§ WHAT IS NEEDED
Below are the records; repeat exactly their lines between the line holding "Special Date Cushion - Image 3" and the line holding "Bon Jovi - Say It Isn't So - CD", inclusive, skipping the pictures.
(SUPPLIED DATA begins)
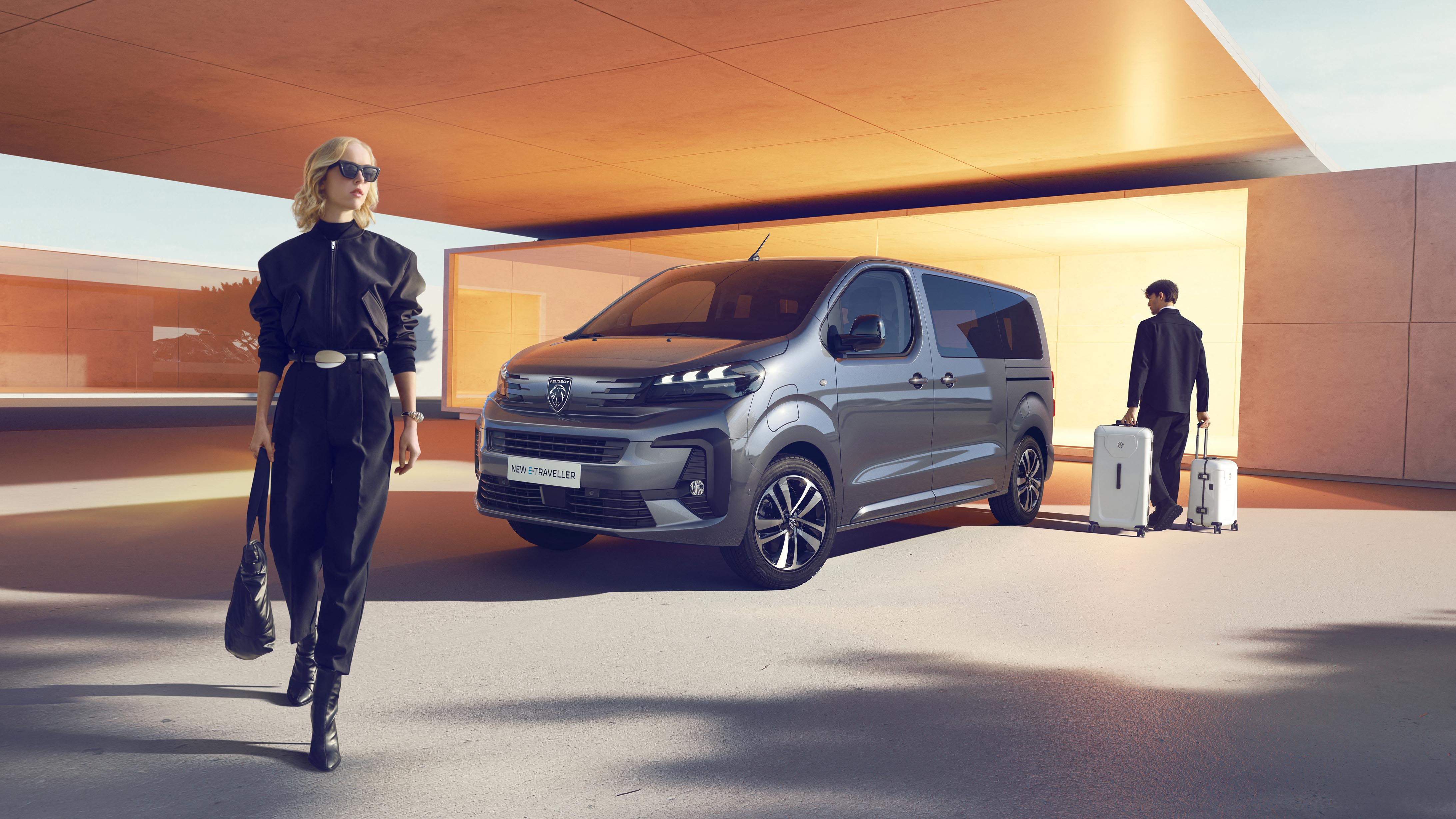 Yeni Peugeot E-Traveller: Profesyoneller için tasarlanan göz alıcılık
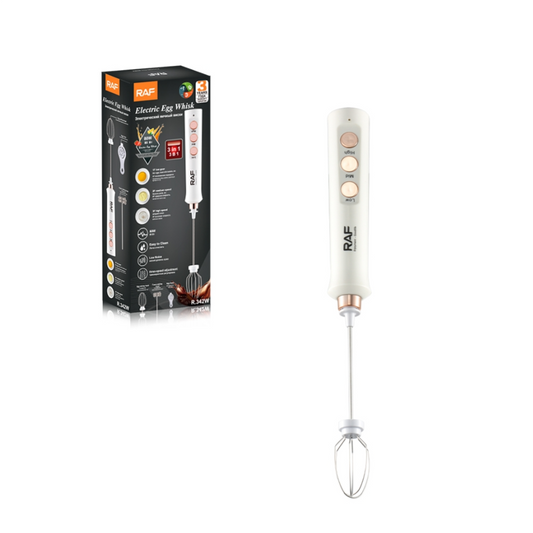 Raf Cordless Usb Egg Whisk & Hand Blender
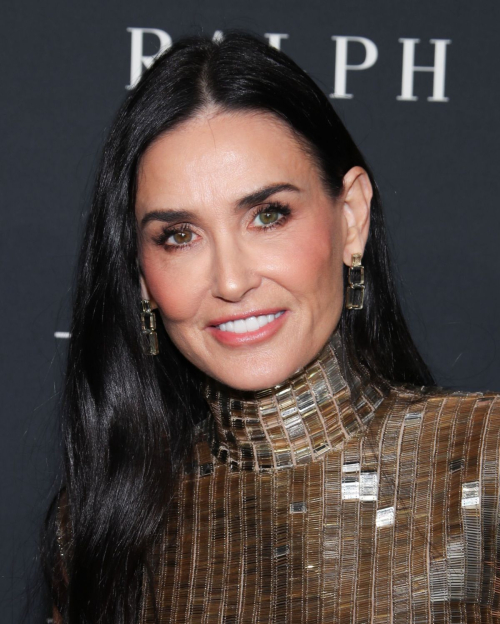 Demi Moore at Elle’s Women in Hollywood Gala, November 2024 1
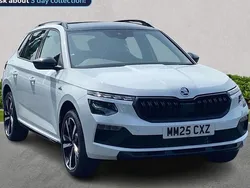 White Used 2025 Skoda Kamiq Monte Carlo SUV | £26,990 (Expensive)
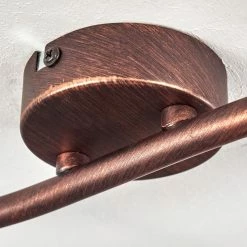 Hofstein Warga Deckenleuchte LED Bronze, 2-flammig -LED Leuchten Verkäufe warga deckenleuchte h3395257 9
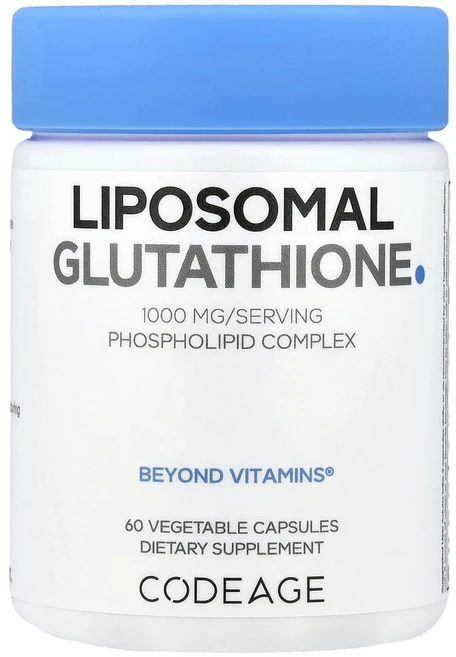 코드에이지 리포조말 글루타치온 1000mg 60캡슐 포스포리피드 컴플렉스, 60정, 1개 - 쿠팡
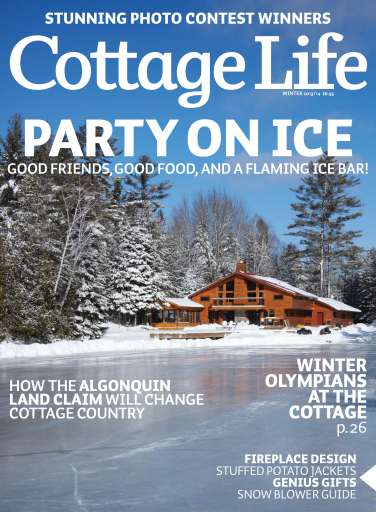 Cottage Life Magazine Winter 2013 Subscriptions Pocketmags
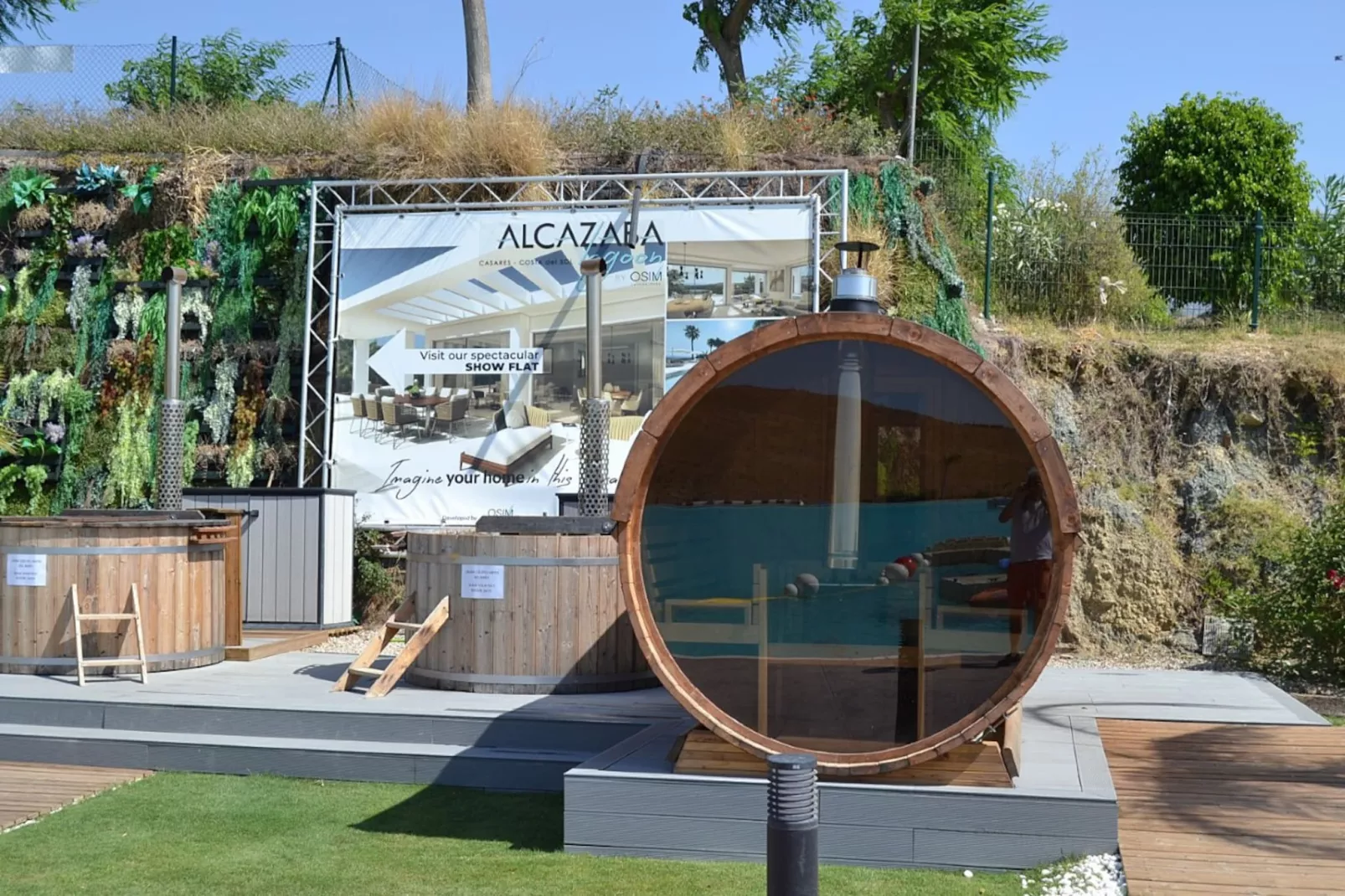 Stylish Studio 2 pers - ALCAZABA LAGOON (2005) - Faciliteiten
(SUPPLIED DATA ends)
(SUPPLIED DATA begins)
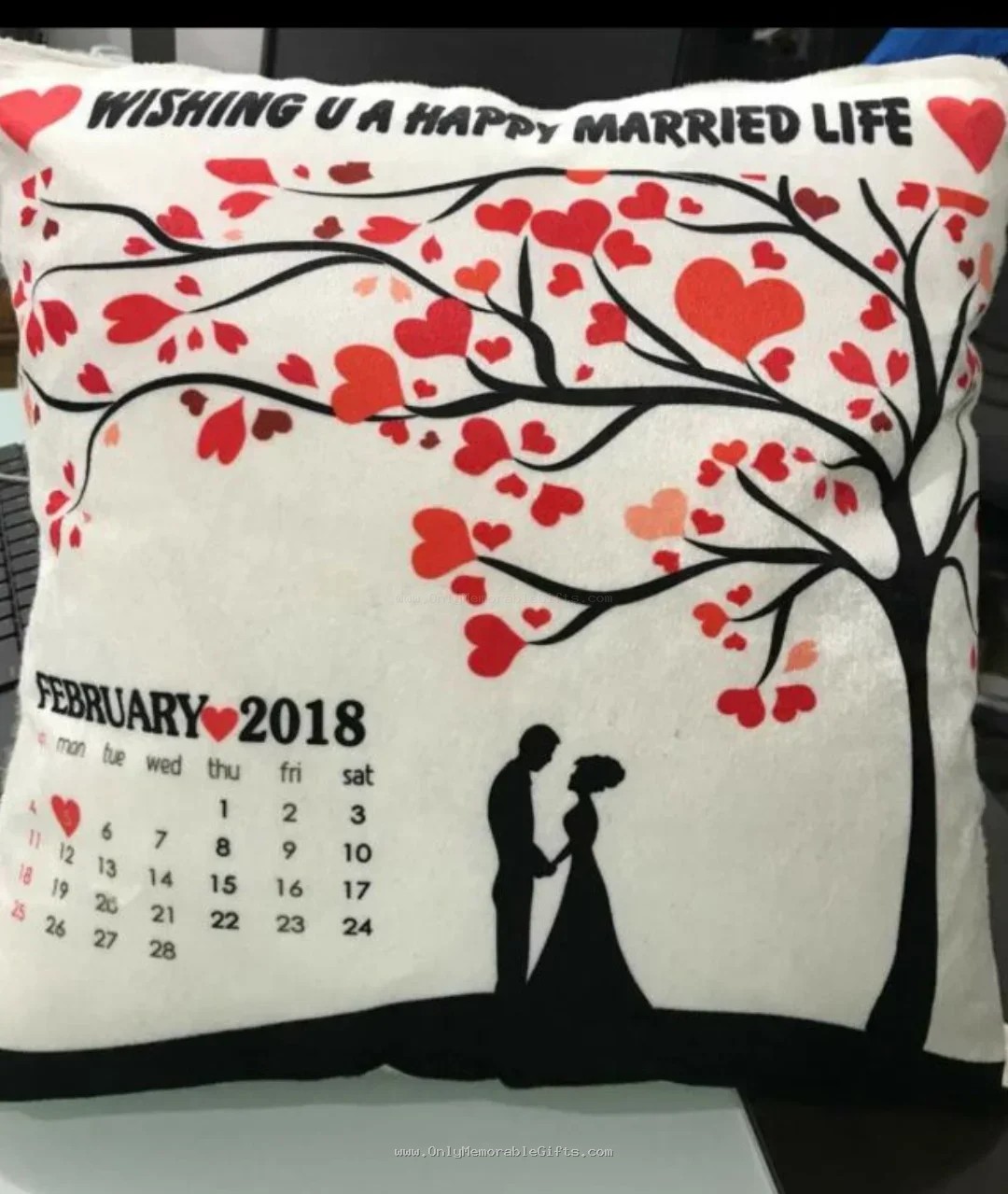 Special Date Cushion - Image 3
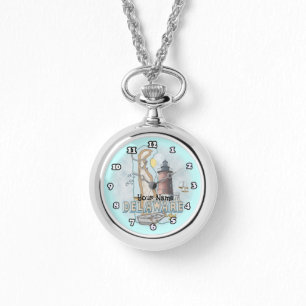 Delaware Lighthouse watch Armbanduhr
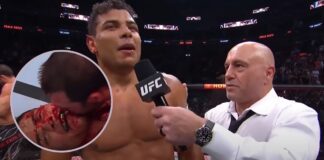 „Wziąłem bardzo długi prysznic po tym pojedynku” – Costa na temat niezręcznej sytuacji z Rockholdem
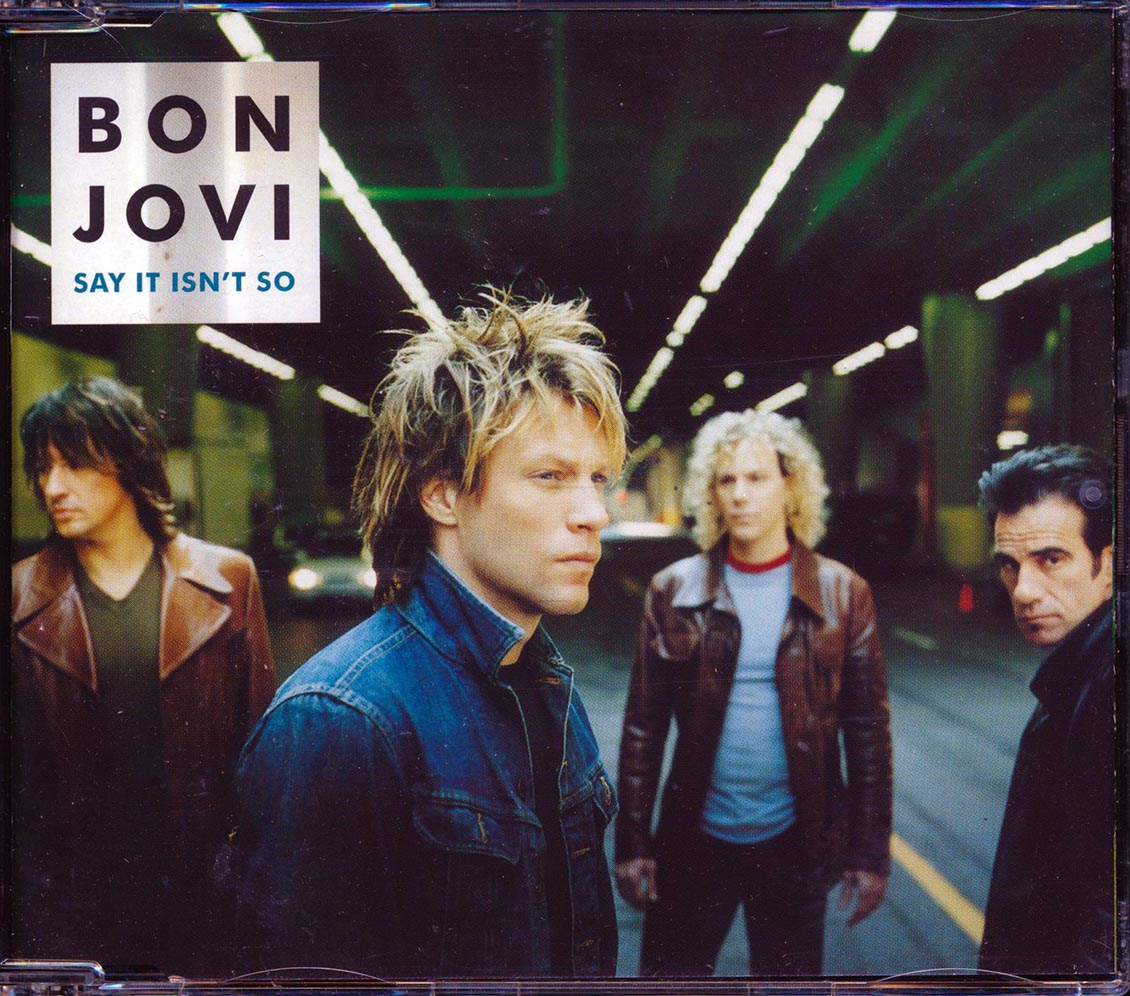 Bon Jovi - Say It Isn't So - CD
(SUPPLIED DATA ends)
§ TASK OUTPUT
 Special Date Cushion - Image 3
 Delaware Lighthouse watch Armbanduhr
 „Wziąłem bardzo długi prysznic po tym pojedynku” – Costa na temat niezręcznej sytuacji z Rockholdem
 Bon Jovi - Say It Isn't So - CD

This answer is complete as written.